PROBLEM DETAILS
Set down, exactly as written, the lines from the line holding "Vtg Nickel Silver" to the end of the data, inclusive, skipping any pictures.

___

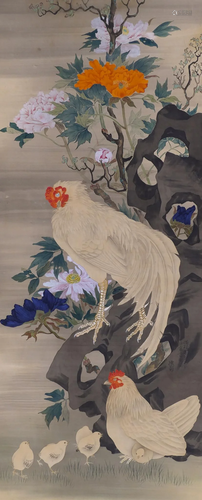 Japanese Meiji Roosters Scroll Painting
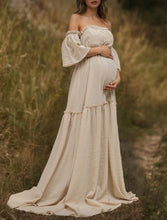 Oatmeal Off Shoulder Maternity Maxi Dress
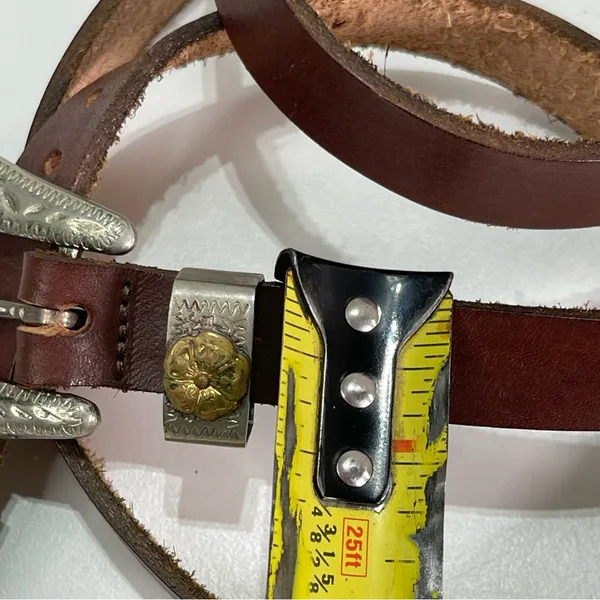 Vtg Nickel Silver Hardware Belt Leather Floral Women 43'' Brown Western Cowgirl - Image 6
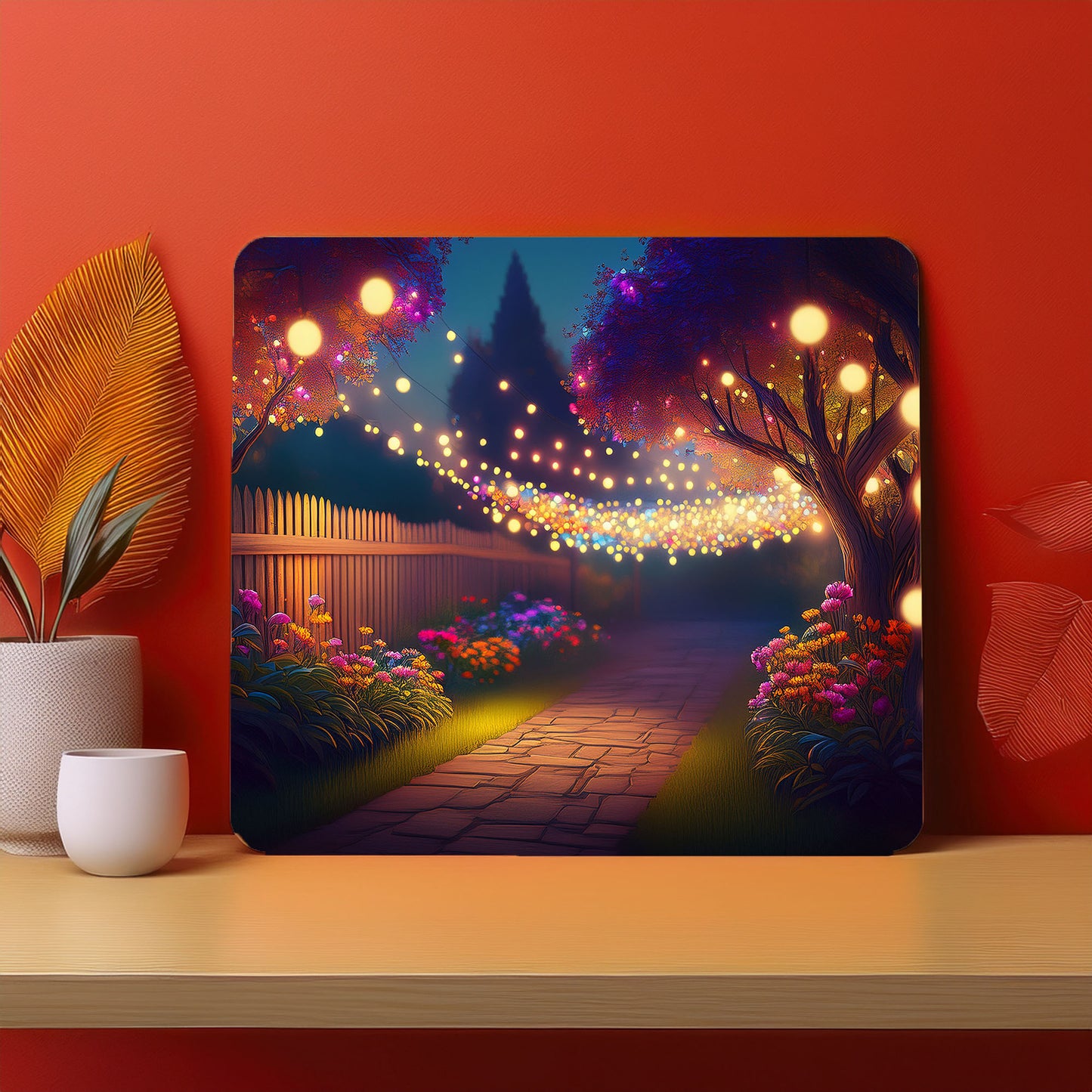 Home Fence Garden Trees Raining Fog Mousepad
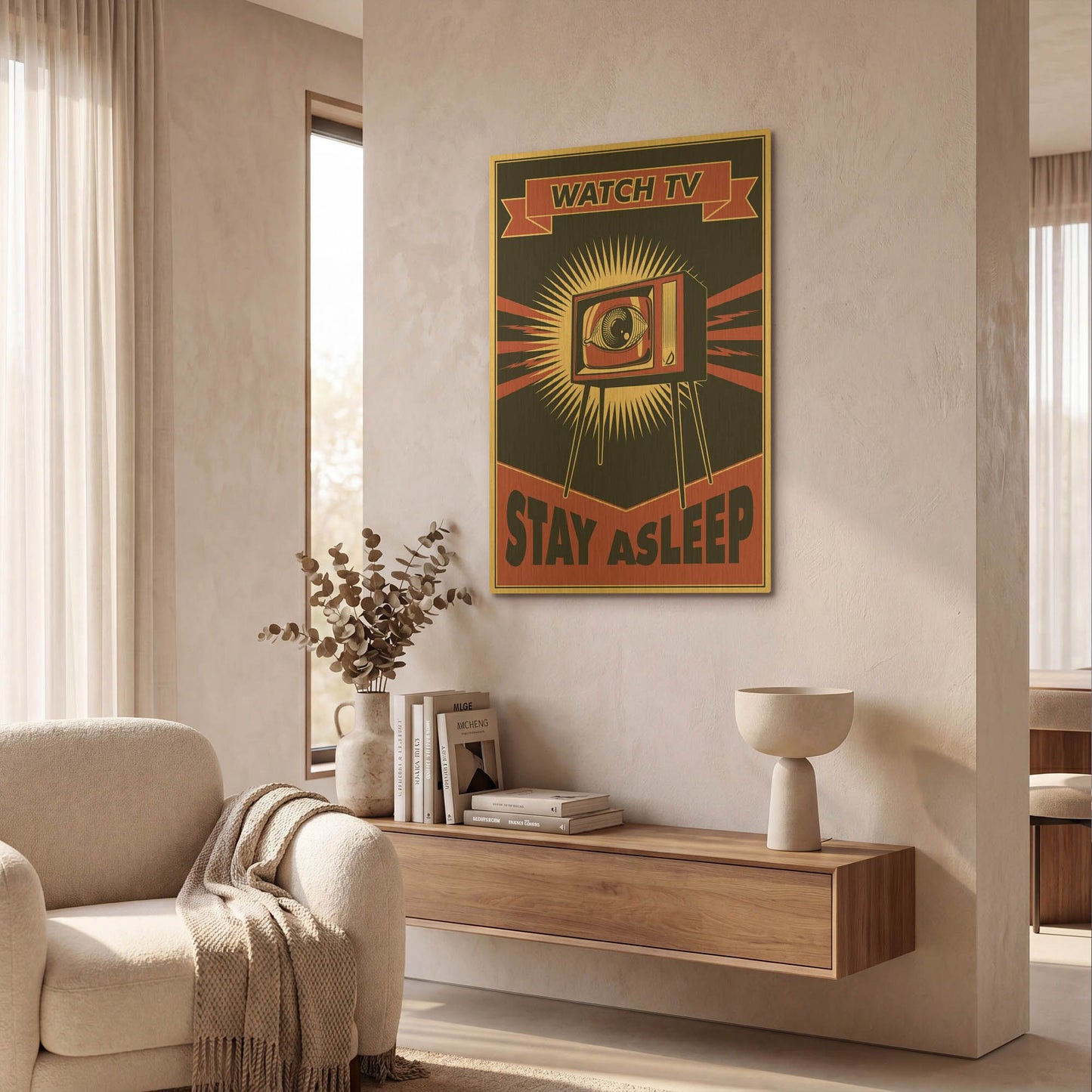 'TV' By LUXE Gold Metal Wall Art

___

RESULT OF THIS TASK
 Vtg Nickel Silver Hardware Belt Leather Floral Women 43'' Brown Western Cowgirl - Image 6
 Home Fence Garden Trees Raining Fog Mousepad
 'TV' By LUXE Gold Metal Wall Art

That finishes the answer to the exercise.